I’ve always been on the heavier side and people around me would never let me forget it. Growing up, my parents always had pet names for me like “mi gordita” that highlighted yet another way, I was different from others. I knew they never meant any harm, I understood it was just a pet name, and there would be times when I wouldn’t react. How was I supposed to react anyway?

My parents would try to reassure me by telling me,

“ You know it's just a nickname, right?”

“ You know we love you, regardless...”

Regardless of what? That I’m fat? Thank you for your brave service to the world.

In the moment, as a young child at the age of five, maybe six years old, I wasn’t thinking much about their remarks. You don’t know what you don’t know. It wasn’t until years later when I chose to embark on my mental health journey, that I began by taking inventory of all the negative beliefs I had about myself and I realized how these experiences in my early life impacted me years later as an adult.

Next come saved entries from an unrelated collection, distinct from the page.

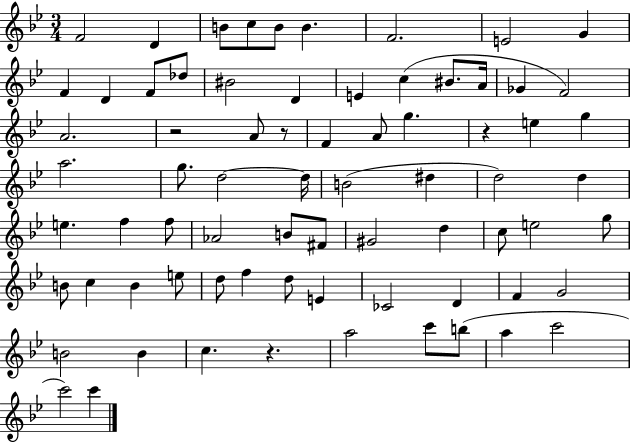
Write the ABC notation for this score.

X:1
T:Untitled
M:3/4
L:1/4
K:Bb
F2 D B/2 c/2 B/2 B F2 E2 G F D F/2 _d/2 ^B2 D E c ^B/2 A/4 _G F2 A2 z2 A/2 z/2 F A/2 g z e g a2 g/2 d2 d/4 B2 ^d d2 d e f f/2 _A2 B/2 ^F/2 ^G2 d c/2 e2 g/2 B/2 c B e/2 d/2 f d/2 E _C2 D F G2 B2 B c z a2 c'/2 b/2 a c'2 c'2 c' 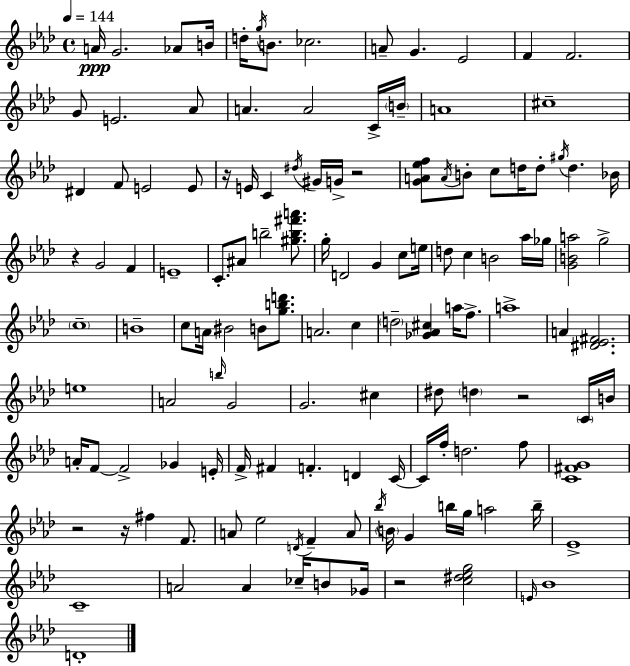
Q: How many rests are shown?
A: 7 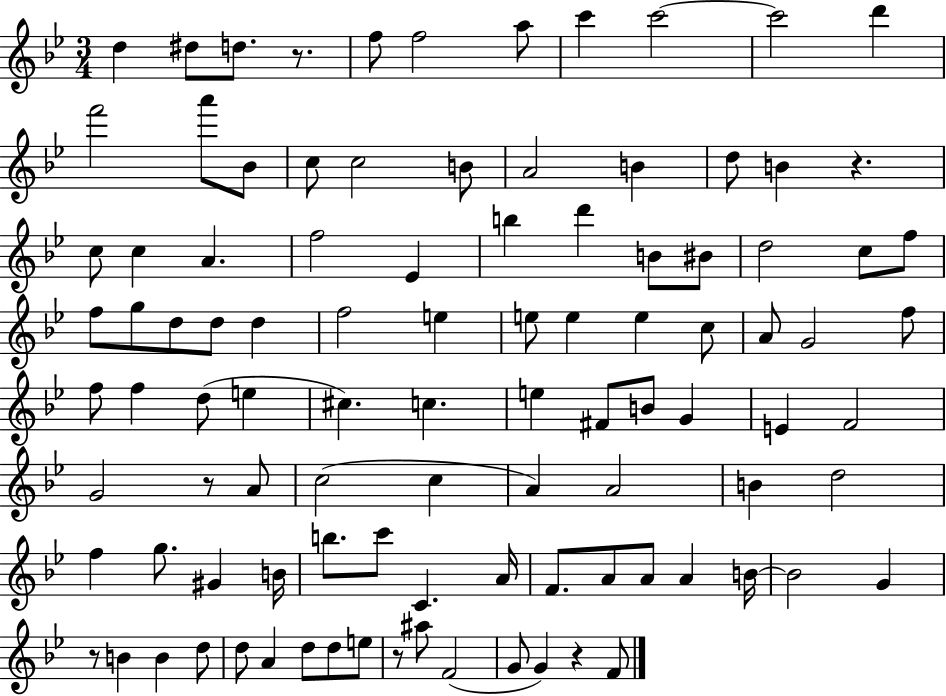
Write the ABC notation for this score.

X:1
T:Untitled
M:3/4
L:1/4
K:Bb
d ^d/2 d/2 z/2 f/2 f2 a/2 c' c'2 c'2 d' f'2 a'/2 _B/2 c/2 c2 B/2 A2 B d/2 B z c/2 c A f2 _E b d' B/2 ^B/2 d2 c/2 f/2 f/2 g/2 d/2 d/2 d f2 e e/2 e e c/2 A/2 G2 f/2 f/2 f d/2 e ^c c e ^F/2 B/2 G E F2 G2 z/2 A/2 c2 c A A2 B d2 f g/2 ^G B/4 b/2 c'/2 C A/4 F/2 A/2 A/2 A B/4 B2 G z/2 B B d/2 d/2 A d/2 d/2 e/2 z/2 ^a/2 F2 G/2 G z F/2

When thinking about the origins of a negative self body image, I also thought about all the inner child work I was doing with my therapist. In these sessions I came to realize that I embodied the many characteristics of an insecure attachment style.

Avoidant Attachment Style

Now, I’d like to start off by saying that I love my parents, a lot. Taking care of an entire human being, is one of the hardest things one can do in life. Had my parents decided to give up on their responsibility of taking care of me, I’m not sure where I would be today. For their sacrifice, I will always be grateful.

But in trying to heal the inner child, I came to recognize all the ways that my parents failed me. Fat phobic comments, lack of physical affection and touch, physical and emotional neglect, to name a few. All of these experiences contributed to an avoidant attachment style.

However, when I originally learned about the attachment styles sometime in 2019, I was still a business major, and I had just begun my mental health journey. At this point in time I was looking for resources to help myself feel better anywhere I could find it. I probably stumbled upon the topic of attachment styles while conducting a google search for causes of low self esteem and low confidence.